Which of the lines below hold "Case"? Please return each one.

--------------------

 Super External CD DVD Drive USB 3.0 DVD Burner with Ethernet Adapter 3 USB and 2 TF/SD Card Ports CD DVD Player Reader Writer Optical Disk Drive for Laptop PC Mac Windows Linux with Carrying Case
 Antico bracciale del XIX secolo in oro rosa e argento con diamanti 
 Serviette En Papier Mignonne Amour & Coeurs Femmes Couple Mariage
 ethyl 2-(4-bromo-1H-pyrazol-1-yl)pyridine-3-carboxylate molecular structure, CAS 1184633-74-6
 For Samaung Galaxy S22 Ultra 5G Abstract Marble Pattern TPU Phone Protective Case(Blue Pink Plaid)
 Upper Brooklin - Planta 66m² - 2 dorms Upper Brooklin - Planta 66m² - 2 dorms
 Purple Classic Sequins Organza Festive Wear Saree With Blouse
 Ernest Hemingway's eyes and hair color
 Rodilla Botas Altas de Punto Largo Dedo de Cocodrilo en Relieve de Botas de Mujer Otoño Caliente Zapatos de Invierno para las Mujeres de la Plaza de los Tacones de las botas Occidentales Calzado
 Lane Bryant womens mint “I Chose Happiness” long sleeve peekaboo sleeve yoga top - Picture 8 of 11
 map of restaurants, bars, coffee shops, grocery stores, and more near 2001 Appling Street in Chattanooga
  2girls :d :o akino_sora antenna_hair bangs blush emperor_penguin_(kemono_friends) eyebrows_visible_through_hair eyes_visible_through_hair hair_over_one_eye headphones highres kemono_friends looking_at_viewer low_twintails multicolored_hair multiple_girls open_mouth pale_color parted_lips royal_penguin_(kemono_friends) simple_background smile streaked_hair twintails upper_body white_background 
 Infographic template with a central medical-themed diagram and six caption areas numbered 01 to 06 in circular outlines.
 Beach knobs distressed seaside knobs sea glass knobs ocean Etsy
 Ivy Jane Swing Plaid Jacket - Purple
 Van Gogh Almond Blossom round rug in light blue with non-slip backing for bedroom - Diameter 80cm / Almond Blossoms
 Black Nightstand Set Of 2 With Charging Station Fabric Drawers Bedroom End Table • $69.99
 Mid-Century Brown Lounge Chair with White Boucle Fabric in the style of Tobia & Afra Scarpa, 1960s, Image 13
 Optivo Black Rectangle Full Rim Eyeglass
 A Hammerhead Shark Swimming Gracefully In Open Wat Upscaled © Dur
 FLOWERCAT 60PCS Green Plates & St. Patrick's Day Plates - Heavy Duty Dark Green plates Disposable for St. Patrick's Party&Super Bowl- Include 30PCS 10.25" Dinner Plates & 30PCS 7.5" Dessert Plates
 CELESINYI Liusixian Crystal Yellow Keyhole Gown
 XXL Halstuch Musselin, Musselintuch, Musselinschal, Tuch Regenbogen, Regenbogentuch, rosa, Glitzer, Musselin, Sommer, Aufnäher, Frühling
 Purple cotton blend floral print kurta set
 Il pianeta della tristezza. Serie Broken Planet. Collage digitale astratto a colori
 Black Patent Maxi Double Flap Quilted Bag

--------------------

Solution to the problem
 Super External CD DVD Drive USB 3.0 DVD Burner with Ethernet Adapter 3 USB and 2 TF/SD Card Ports CD DVD Player Reader Writer Optical Disk Drive for Laptop PC Mac Windows Linux with Carrying Case
 For Samaung Galaxy S22 Ultra 5G Abstract Marble Pattern TPU Phone Protective Case(Blue Pink Plaid)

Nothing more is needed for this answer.